Jackson altered Union perceptions first by his bold attack on Kernstown, which made Lincoln and McClellan think he had more troops than he did--they could not imagine that anyone would be so stupid as to send only 3,600 men against a Union stronghold. If Jackson was stronger than they had imagined,that meant they needed more men in the Shenandoah Valley, which cut into the troops available for the march on Richmond. Next Jackson began behaving unpredictably, creating the impression of having not only a large army but also some strange and worrying plan. Lincoln's and McClellan's ability to figure out this plan stopped them in their tracks, making them divide their forces to take care of the possible dangers. Finally Jackson attacked boldly one more time. He did not have nearly enough men to threaten Washington, but Lincoln could not be sure of that. Like a conjuror, Jackson created a bogeyman out of an army that in essence was laughably small.

You must take control over people's perceptions of you by playing with appearances, mystifying and misleading them. Like Jackson, it is best to mix audacity with unpredictability and unorthodoxy and act boldly in moments of weakness or danger. That will distract people from nay holes in your armor, and they'll be afraid there may be more to you than meets the eye. Then, if you make your behavior hard to read, you'll only seem more powerful, since actions that elude interpretation attract attention, worry, and a bit of awe. In this way you will throw people off balance and onto their heels. Kept at a distance, they will be unable to tell how far you are bluffing them. Aggressors will back off. Appearance and perception--you are not someone to mess with--will become reality.

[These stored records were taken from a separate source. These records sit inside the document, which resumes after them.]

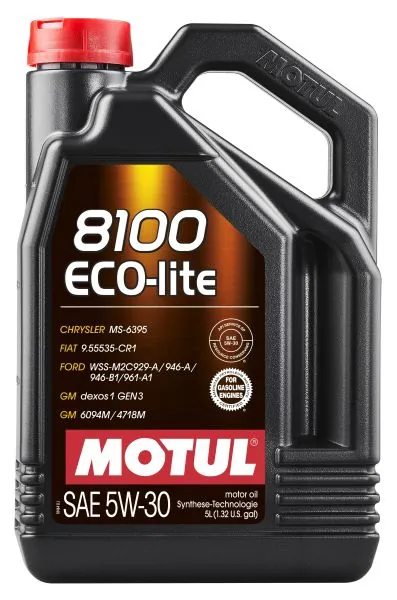 MOTUL 110051
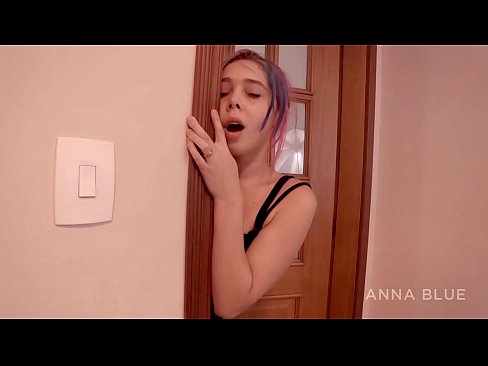 ❤️ ჩემს ძმას დავბრუნდი. მის შეყვარებულთან მქონდა სექსი. ლესბოსელთა ანაზღაურება. ☑ პორნო ka.pornmega-com.ru ❌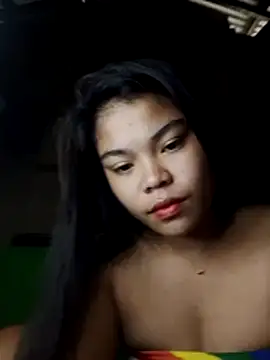 Snapshot of cloe_candy19 chatting on 10/14/25, 09:59 cloe candy19 online show from 10/14/25, 09:59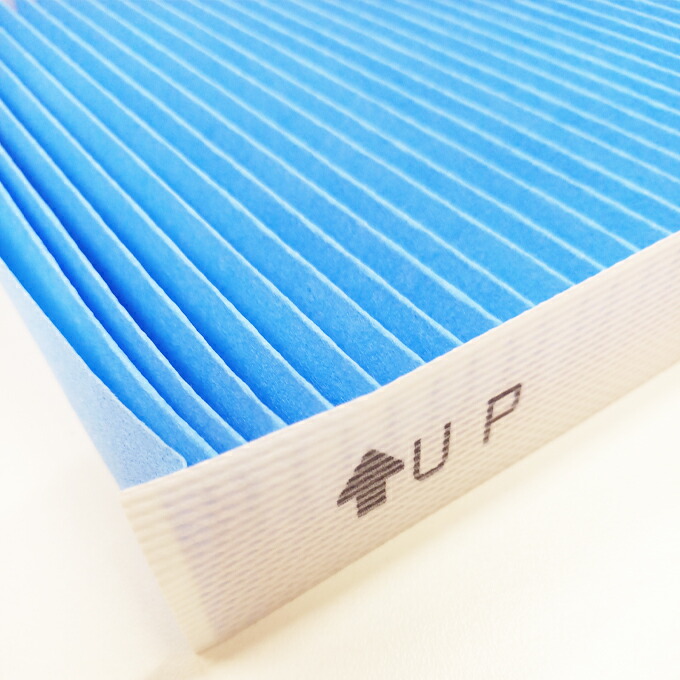 楽天市場】トヨタ サクシードバン DBE-NCP165V 平成26年9月 - ガソリン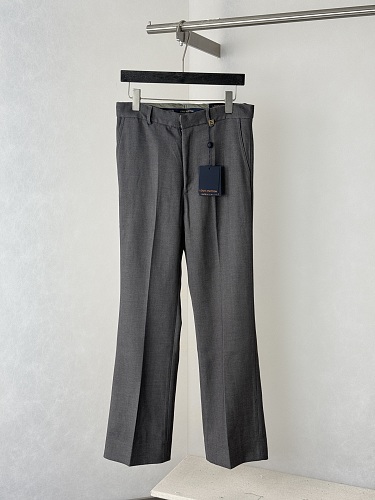 Pants from 3125tiger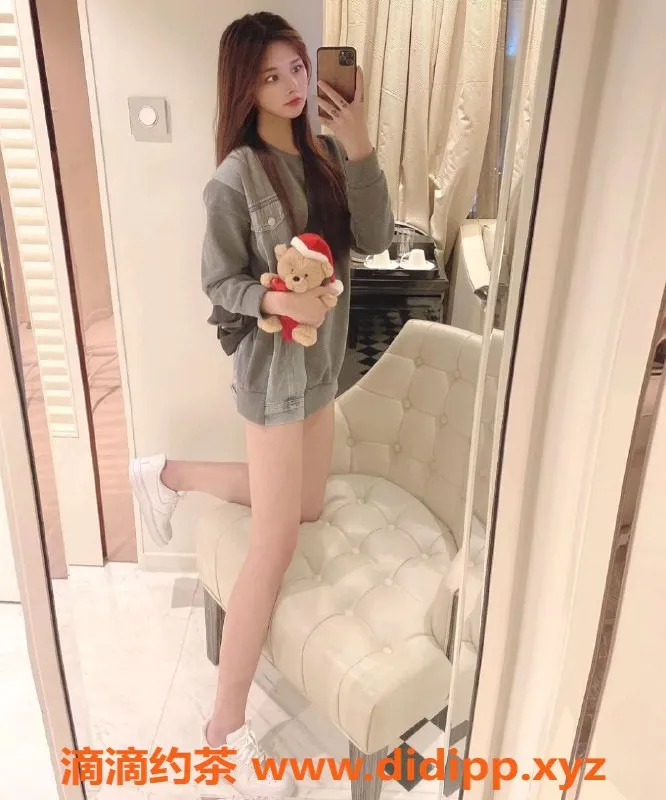 上海外围资源信息,静安黎伊 167cm 48kg 胸b 1300p开门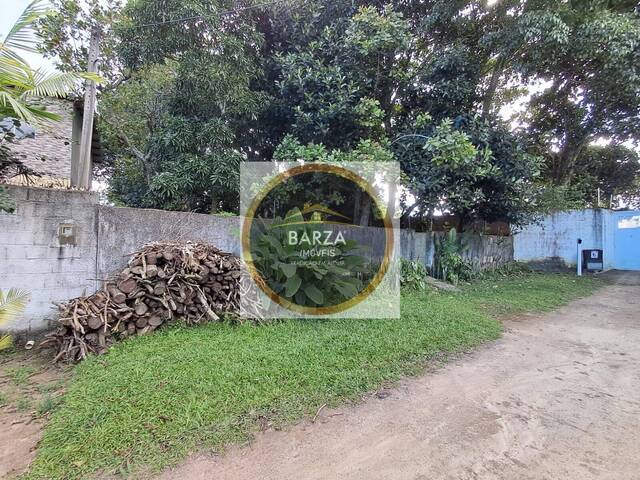 #1717 - Terreno para Venda em Camaragibe - PE - 3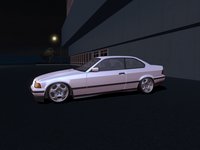 Click image for larger version

Name:	BMW E36 318i 16.png
Views:	47
Size:	720.0 KB
ID:	2467053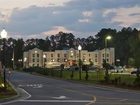 фото отеля Best Western Plus Richmond Hill Inn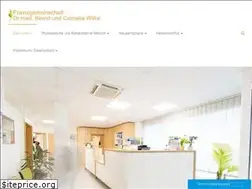 Sites similar to prm-leipzig.de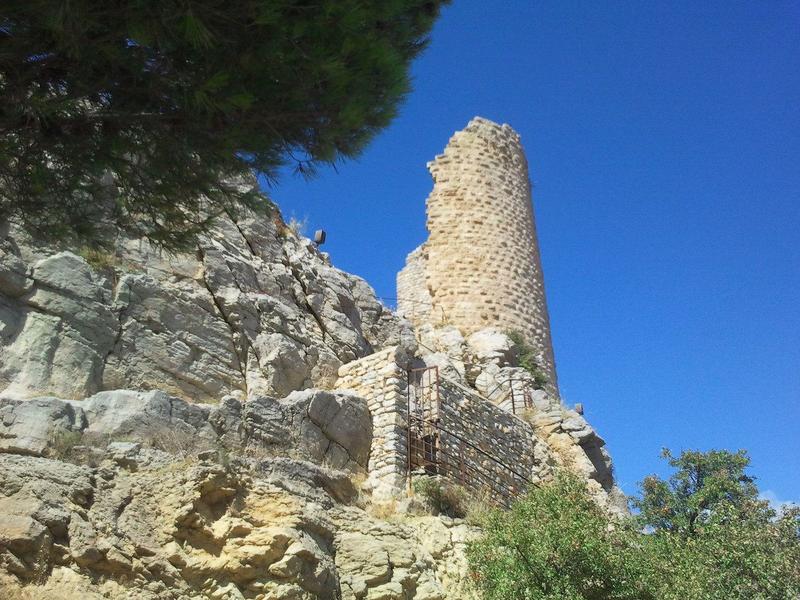 Visite Guidée du Village de Gruissan
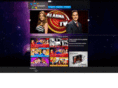 estrella-tv.com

2. King Edward I of England was a fierce thirteenth-century warrior-king who was determined to conquer all of the British Isles. First he battered the Welsh into submission;then he set his sights on Scotland,laying siege to towns and castles and razing to the ground the communities that dared to resist him. He was even more brutal with the Scots who fought back, including the famous Sir William Wallace: he hunted them down and had them publicly tortured and executed.

Only one Scottish lord eluded Edward: Robert the Bruce,Earl of Carrick (1274-1329), who had somehow escaped to the remote fastness of northern Scotland. So Edward captured the rebel's family and friends, killing the men and imprisoning the women in cages. Bruce remained defiant. In 1306 he had himself crowned Scotland's king; whatever it took, he vowed to revenge himself on Edward and throw the English out of Scotland. Hearing this, Edward became even more determined to capture this final piece in his Scottish wars,but in 1307 he died, before the job was done.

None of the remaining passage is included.